Arteaga entered the NASCAR Corona Series after establishing himself at age 20 in the Mexico feeder T4 Series in 2007. After an impressive season, he made the transition to the NASCAR Corona Series for the 2008 season shortly after the franchise was established. His best season was in 2009, when he came in 14th in the overall rankings after making a series of top-ten finishes. In the 2010 season, he had three top-ten finishes in the first five races.

===K&N Pro Series East===
In July 2010, Arteaga made an impressive debut in NASCAR racing in the USA when he finished in the top-ten at the NASCAR K&N Pro Series East race at Lee USA Speedway. He worked his way up to sixth place before accidents in the last few laps dropped him down the field to tenth position.

Arteaga made the move to a full-time effort in the K&N Pro Series East in 2012, driving the No. 8 Toyota Camry for Revolution Racing. In 13 starts, Arteaga posted two top-ten finishes and finished 14th in the standings, despite missing one race.

====The Most Popular Driver 2009====
In 2009, Arteaga was voted the most popular driver in the NASCAR Mexico Series by the fans in an official vote posted on NASCAR.com.
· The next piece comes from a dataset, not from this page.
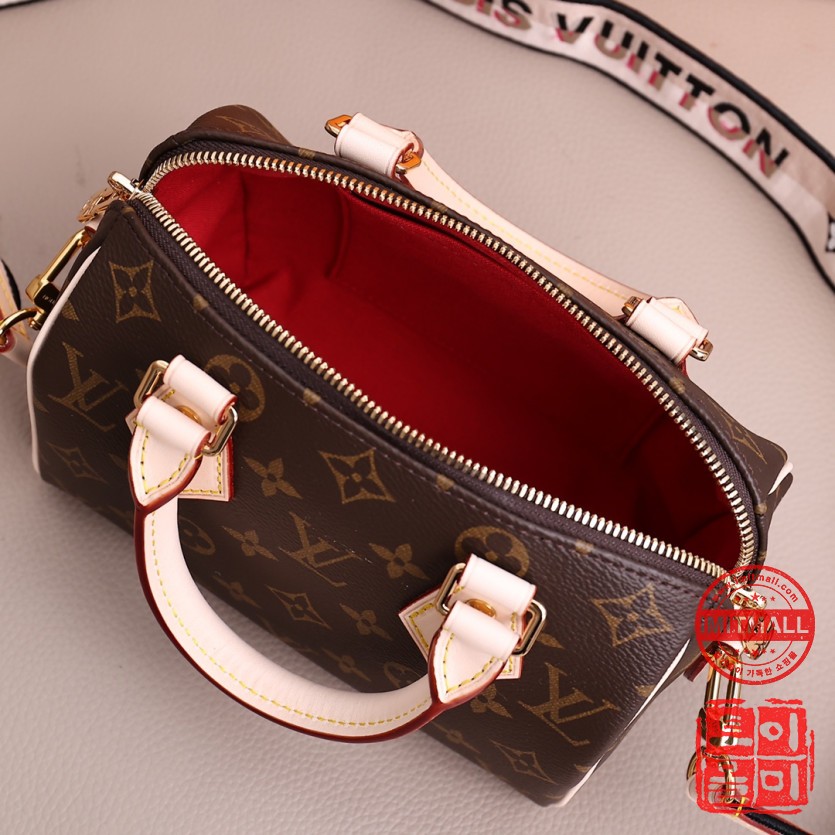 louis_vuitton_xxxxx_big_00008.jpg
He received 34% of the vote, a majority of 23%.

===FCV Racing===
Arteaga raced for FCV Racing alongside experienced NASCAR driver Carlos Contreras (the first Hispanic driver to run in NASCAR). The team was established in 2006 and has racing experience in both the US and Mexican NASCAR series.
Arteaga scored his first pole position at Aguascalientes in 2010.

===NASCAR K&N Pro Series===
Jorge began racing in the United States in 2010, acting as an ambassador for NASCAR's Drive for Diversity Program, and working in Revolution Racing alongside drivers such as Mackena Bell and Sergio Peña. He scored a Top 10 finish in his series debut.
He parted ways with FCV Racing after the September race at Querétaro, changing his number to 46.
Since then, he has been struggling in the Mexican series. Jorge and his sponsors moved to a new team, with help from one of the series' top drivers, Jose Luis Ramirez, and purchased a race car from Carlos Anaya, a driver with limited economic resources.
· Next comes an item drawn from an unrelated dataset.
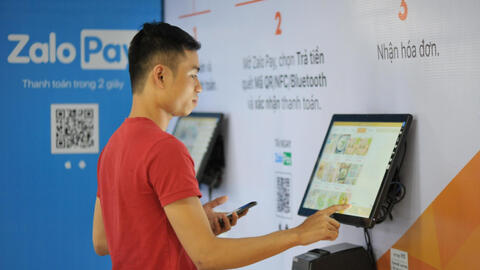 Người dùng Zalo có thể dùng tính năng của ZaloPay để chuyển tiền, lì xì nhóm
===NASCAR Corona Series Results===
(key) (Races in bold indicate pole position)

Year: Team; No.; Sponsor; Make; 1; 2; 3; 4; 5; 6; 7; 8; 9; 10; 11; 12; 13; 14; NSCC; Points
2010: FCV Racing; 49; Equipo Nutricion/Red Baron; Dodge; AGS 9; QRO 29; SLP 10; TXT 23; D.F. 7; PUE 17; GDL 4*; MTY 11; SLP 6; D.F. 11; QRO 14; PUE 12; TXT; AGS

- After the race in Guadalajara he was given a 20sec penalty dropping him to 13th.

==Reality TV Series==
During the 2010 racing season, Arteaga was filmed for a reality TV series entitled NASCAR Mexico 24/7 which followed the behind-the-scenes happenings of NASCAR from the perspective of the FCV Racing Team. It was broadcast on Speed TV in Latin America during race weeks.

==Social responsibility==

===Equipo Nutricion===
Equipo Nutricion (The Nutrition Team) was established by Arteaga in partnership with La Huerta and Red Baron to provide support to Mexico's poor and malnourished. After each race he works with local government and institutions to donate 12 tonnes of frozen vegetables to those who need it most in the municipality of the racetrack. He has pledged to increase his donation to 22 tonnes after each race he wins. During the 2009 season he donated 190 tonnes of frozen vegetables.
Along with their donations, they aim to raise awareness for malnutrition and obesity by conducting chats in schools to combat the problem at a grassroots level.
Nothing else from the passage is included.